Suffolk County will begin rehabilitating more than 500 acres of tidal wetlands under an executive order signed Tuesday by County Executive Steve Bellone.
The order adopting a new Wetlands Stewardship Strategy is expected in the long term to obtain increased federal and state aid to allow the county to restore more than 2,500 acres of damaged wetlands. The aim is to make Suffolk's shoreline more resilient to increasingly severe seasonal storms and higher waters caused by climate change.
The county has received approvals for $7.4 million in state and federal funding for work at nine initial sites totaling more than 500 acres, with Suffolk contributing $385,000 of the cost.
"What we're targeting are the areas where we can get the best bang for the buck," said Dominick Ninivaggi, director of vector control, which combats mosquitoes.
Officials estimate it will take two to three years to complete the initial restoration projects. They said they would develop long-range plans to protect all 17,000 acres of publicly owned wetlands across the county.
The initiative involves county agencies including planning, public works and economic development.

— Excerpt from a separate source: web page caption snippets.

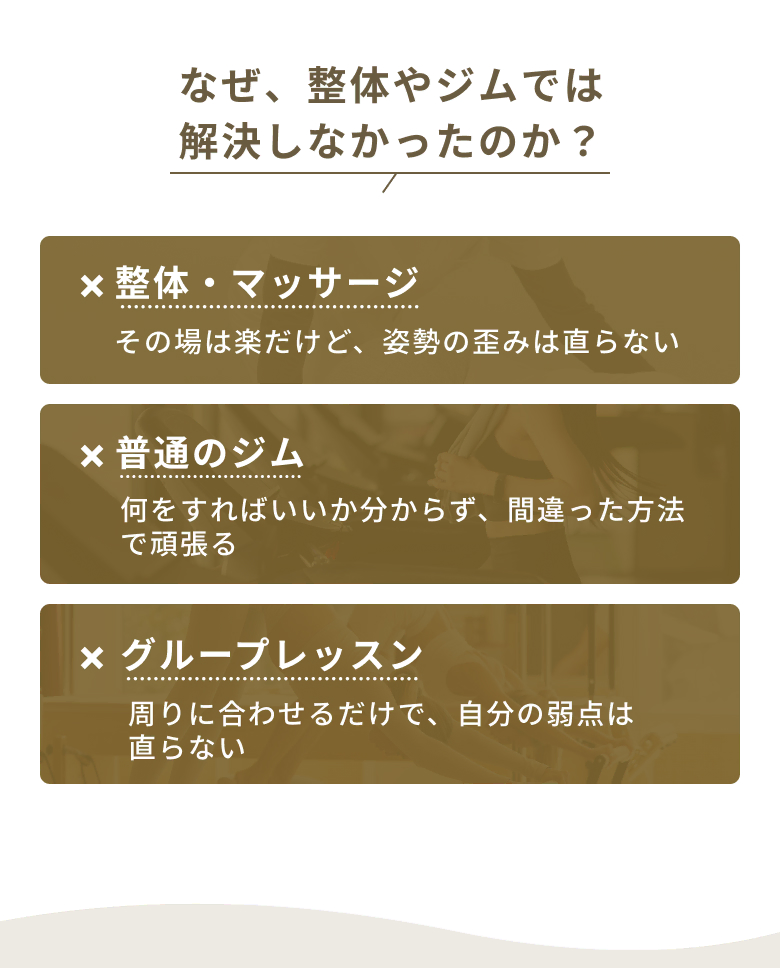 なぜ、整体やジムでは解決しなかったのか？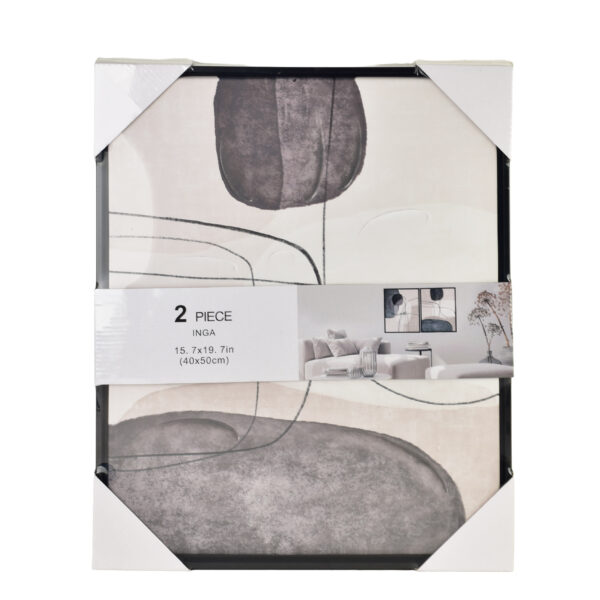 Wandbilder Set schwarz beige – 2er Set abstrakte Bilder 40x50 cm
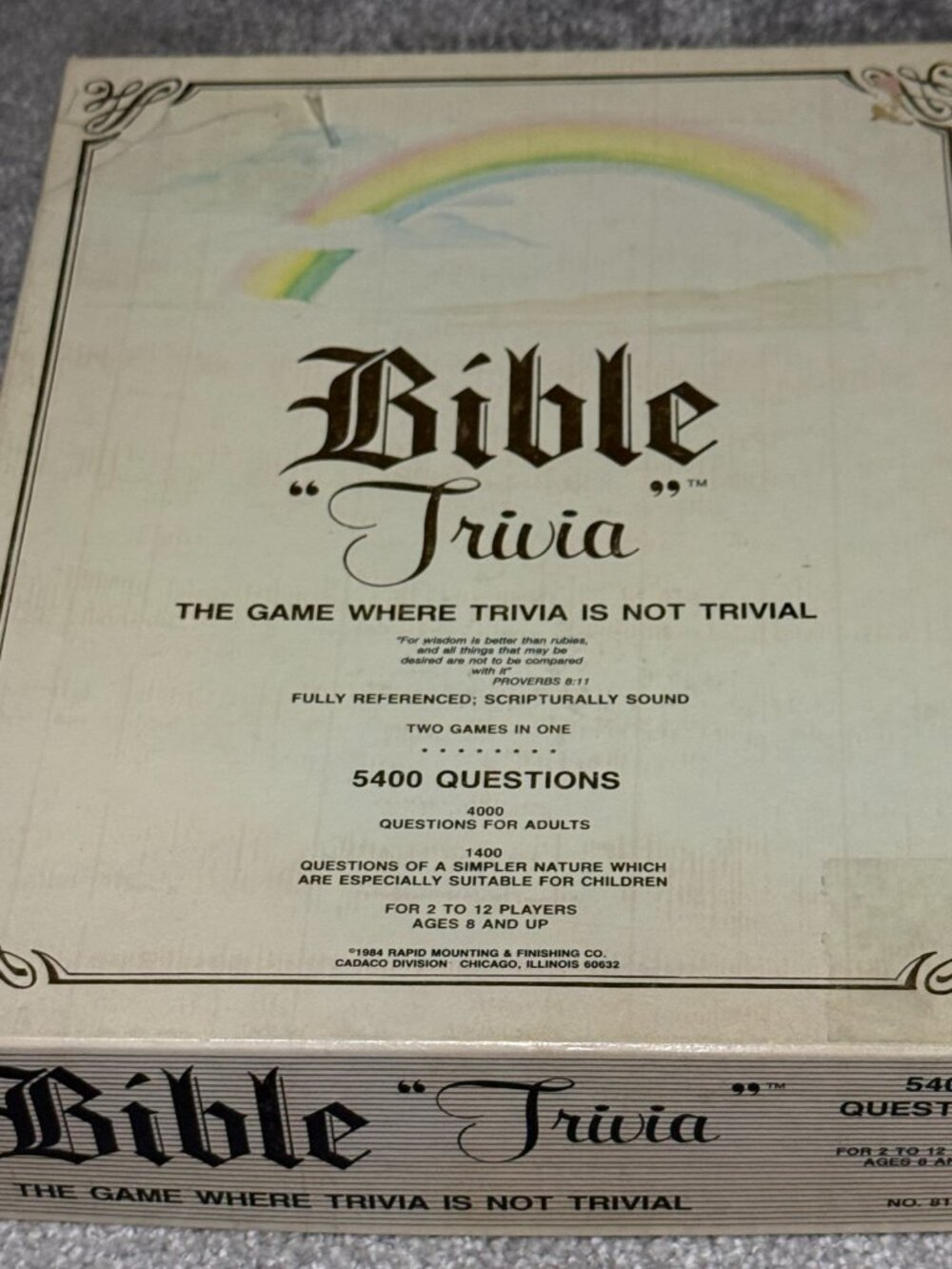Bible Trivia Board Game Cadaco 1984 Vintage Complete Questions For Kids & Adults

The effort will focus on improving water circulation in marshes; encouraging marine life and healthy vegetative growth; building up natural sediment to make saltwater marshes better able to absorb wave energy, and ridding areas of destructive invasive species such as phragmites. The wetlands rehabilitation also is expected to help better control mosquitoes.
Funding so far includes:
$107,000 from the Federal Emergency Management Agency to develop plans and obtain permits to restore 50 wetland acres near the marina at Smith Point County Park.
$1.3 million from the National Fish and Wildlife Foundation to restore 430 acres of wetlands at Gardiner County Park in West Bay Shore, Pepperidge Hall Tidal Wetland Area in Oakdale, Timber Point Tidal Wetlands in Great River and Babylon barrier island marshes at Gilgo and Gilgo West.
An estimated $5 million to $6 million from the federal Natural Resources Conservation Service to acquire and restore 50 flood-prone acres in Mastic Beach near Sheep Pen Creek that were inundated in superstorm Sandy.
$275,000 from New York Department of State to restore 13 acres on Beaverdam Creek in Brookhaven hamlet, formerly productive tidal wetlands that were damaged by dumping of dredge spoils. The county share of funding will be $85,000.
$788,000 from the state Department of Environmental Conservation to restore seven acres of wetlands at Indian Island destroyed by dredge spoils. The county share is $300,000.
Officials say the research that led to the new holistic strategy began with an 80-acre pilot project at the 1,000-acre federal Wertheim National Wildlife Refuge in Shirley. Federal and state approval of restoration methods developed in that project led to increased funding.